/---

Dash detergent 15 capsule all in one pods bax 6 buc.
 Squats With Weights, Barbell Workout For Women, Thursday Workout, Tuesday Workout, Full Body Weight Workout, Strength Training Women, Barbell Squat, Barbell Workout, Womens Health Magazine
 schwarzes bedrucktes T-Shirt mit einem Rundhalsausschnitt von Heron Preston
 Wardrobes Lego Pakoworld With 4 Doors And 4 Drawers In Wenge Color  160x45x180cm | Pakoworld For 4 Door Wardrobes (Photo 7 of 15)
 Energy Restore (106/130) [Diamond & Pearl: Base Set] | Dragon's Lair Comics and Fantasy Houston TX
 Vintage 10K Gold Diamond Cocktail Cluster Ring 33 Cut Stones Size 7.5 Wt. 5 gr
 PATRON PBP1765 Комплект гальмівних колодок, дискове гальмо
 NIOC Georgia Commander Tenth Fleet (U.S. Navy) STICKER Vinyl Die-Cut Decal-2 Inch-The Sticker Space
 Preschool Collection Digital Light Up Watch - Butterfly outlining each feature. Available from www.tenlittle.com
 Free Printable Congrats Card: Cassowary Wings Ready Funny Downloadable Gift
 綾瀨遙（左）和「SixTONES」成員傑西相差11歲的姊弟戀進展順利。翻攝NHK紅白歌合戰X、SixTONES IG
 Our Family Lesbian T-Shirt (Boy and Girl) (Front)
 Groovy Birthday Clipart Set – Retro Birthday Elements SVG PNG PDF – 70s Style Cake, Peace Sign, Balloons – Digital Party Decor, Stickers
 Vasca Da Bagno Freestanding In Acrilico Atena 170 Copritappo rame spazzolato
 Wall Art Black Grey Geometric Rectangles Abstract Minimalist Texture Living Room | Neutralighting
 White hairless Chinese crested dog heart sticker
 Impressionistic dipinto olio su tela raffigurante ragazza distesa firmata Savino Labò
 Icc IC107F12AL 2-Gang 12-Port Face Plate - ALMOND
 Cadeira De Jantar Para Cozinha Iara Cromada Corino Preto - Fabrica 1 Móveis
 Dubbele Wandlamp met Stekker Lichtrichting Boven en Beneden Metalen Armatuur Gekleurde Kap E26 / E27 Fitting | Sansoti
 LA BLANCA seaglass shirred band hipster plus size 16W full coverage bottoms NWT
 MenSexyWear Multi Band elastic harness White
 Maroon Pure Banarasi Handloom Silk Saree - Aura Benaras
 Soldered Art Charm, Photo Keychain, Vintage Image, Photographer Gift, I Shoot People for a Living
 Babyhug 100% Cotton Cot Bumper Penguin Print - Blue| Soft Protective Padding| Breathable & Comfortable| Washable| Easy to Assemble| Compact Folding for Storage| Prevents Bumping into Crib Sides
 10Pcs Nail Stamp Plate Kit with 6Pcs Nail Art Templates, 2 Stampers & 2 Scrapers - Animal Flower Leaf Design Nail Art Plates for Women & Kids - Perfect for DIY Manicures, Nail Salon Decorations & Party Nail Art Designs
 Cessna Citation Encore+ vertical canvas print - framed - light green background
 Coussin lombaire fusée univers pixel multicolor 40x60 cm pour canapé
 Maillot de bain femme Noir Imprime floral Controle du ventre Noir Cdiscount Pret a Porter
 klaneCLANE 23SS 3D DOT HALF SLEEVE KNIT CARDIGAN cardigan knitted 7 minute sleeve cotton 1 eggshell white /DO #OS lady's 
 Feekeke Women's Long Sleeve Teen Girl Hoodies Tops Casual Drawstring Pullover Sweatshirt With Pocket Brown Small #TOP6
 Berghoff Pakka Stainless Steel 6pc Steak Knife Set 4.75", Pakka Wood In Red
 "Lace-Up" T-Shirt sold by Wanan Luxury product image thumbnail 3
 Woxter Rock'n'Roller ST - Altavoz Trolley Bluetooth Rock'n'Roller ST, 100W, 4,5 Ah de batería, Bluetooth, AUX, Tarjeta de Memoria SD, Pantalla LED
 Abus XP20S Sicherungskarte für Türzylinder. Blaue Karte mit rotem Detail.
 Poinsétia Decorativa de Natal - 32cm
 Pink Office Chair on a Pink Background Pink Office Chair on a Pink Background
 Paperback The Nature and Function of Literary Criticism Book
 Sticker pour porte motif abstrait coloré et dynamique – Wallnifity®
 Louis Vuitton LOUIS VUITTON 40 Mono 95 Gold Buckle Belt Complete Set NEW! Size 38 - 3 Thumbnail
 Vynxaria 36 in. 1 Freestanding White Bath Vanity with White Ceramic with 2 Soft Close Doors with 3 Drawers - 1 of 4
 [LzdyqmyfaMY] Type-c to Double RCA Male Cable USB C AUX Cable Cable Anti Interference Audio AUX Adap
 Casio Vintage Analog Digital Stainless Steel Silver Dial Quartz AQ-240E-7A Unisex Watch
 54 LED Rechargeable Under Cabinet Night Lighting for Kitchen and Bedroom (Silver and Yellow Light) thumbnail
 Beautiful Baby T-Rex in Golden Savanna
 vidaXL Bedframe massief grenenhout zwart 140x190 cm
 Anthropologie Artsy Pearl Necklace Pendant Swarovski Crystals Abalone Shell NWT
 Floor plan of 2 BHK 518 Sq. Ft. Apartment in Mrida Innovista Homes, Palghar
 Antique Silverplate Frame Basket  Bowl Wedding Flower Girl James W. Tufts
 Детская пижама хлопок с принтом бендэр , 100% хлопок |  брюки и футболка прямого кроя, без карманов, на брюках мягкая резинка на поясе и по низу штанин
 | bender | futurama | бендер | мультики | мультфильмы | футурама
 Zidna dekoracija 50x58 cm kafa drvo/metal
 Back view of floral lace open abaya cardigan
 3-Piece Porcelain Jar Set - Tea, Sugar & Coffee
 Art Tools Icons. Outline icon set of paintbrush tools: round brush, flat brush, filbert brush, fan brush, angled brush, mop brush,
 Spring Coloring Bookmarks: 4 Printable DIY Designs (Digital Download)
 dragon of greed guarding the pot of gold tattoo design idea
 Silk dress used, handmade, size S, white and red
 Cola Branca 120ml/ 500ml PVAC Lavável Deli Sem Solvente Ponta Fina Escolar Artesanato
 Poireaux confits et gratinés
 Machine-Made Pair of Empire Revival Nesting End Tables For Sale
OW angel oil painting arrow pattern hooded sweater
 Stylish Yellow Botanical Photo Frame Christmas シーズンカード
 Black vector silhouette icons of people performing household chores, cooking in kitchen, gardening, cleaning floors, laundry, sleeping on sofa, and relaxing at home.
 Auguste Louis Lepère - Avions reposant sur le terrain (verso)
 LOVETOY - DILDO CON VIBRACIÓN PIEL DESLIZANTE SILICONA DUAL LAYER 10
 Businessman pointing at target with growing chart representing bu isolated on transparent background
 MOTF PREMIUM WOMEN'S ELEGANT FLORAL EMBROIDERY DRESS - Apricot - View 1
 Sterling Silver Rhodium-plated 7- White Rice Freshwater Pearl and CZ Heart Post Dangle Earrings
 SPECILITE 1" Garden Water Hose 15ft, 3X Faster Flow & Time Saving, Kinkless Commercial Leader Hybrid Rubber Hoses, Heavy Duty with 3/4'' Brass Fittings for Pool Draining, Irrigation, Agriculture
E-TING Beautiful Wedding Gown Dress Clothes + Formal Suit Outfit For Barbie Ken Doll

\---

**WORK TO BE COMPLETED**
Each line in the data that holds the string "Printable" needs to be copied.

**ANSWER BELOW**
 Free Printable Congrats Card: Cassowary Wings Ready Funny Downloadable Gift
 Spring Coloring Bookmarks: 4 Printable DIY Designs (Digital Download)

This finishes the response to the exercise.